"Bombing Perfect Strangers"
[The following are the opening paragraphs to "Bombing Perfect Strangers", a piece that I wrote which appeared in the online magazine rabble roughly three-and-half years ago. At the time I wrote it, the invasion of Iraq remained only a possibility -- and the stand-off with North Korea was much more temperate. But as in life so in history; what goes around comes around, and the piece, I think, has become timely again. I've made a few minor changes to it to clean it up a bit, but this is pretty much as it originally appeared.]
“We don’t want to talk about North Korea,” my students say. “We want to talk about music or movies.”
I’m an ESL instructor at a university in a small city in South Korea. And I’m frequently made painfully aware that most young people today are uninterested in politics. Pop culture is their real passion, and the currency of pop culture is physical attractiveness. When I go to the maze of bars, restaurants and shops that is at the south end of the university campus and pass the bulb-lit merchant wagons that sell pirated cassettes, the music is usually by singers chosen as much for their looks as their talent.
This is so much the way of the world that it feels tendentious to point it out. But, I must; pop culture is like a drug. As the clouds of war gather in the Middle East, not many people in Korea seem especially perturbed. Most are simply happily living their lives.

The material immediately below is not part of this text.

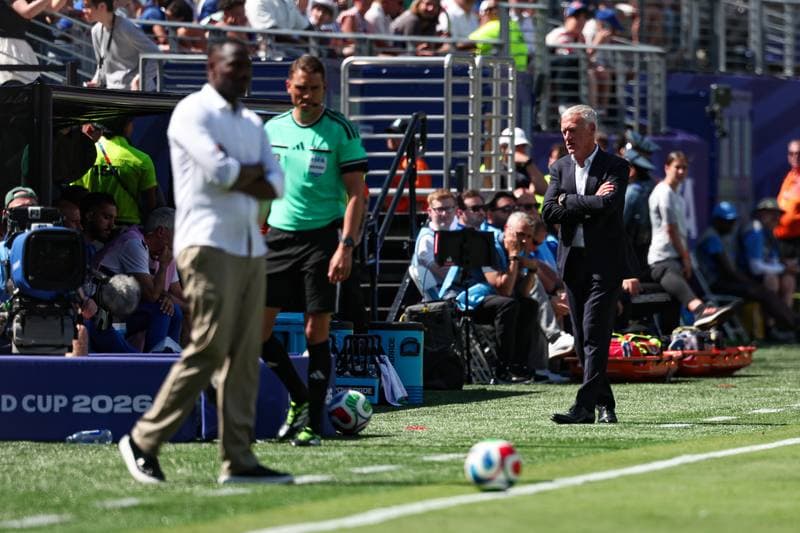 Football. FIFA World Cup 2026. France - Senegal. 16.06.2026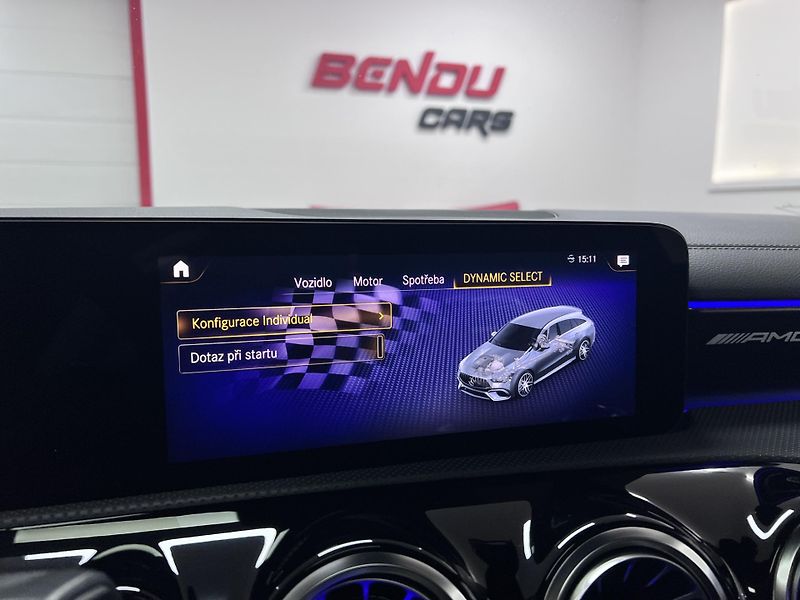 Mercedes-Benz CLA AMG 45s 4MATIC+ SERVIS - fotka 38 z 48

But, underneath, there is pervasive unease in this country over the possibility that unless the regime in North Korea falls of its own volition, there will, at some point, be war in this region of the world as well.
This explains in large measure the antagonism that Koreans often feel toward the U.S. government and “George Bushi.” The relationship between Americans and South Koreans is enormously complex. America — in fact, North America generally — is seen as a kind of utopia. And Americans as individuals are both liked and cherished; Americaphilia runs as strongly here as Americaphobia. But there is a distinction made between the American government and American people. For the most part, current U.S. policy is seen as actually being opposed to the interests of peace. After all, the current U.S. administration has staked its prestige on fighting an “axis of evil,” and needs an enemy in North Korea. This, then, is the theory proffered for why the administration has taken steps to squelch the Sunshine Policy of North/South reconciliation.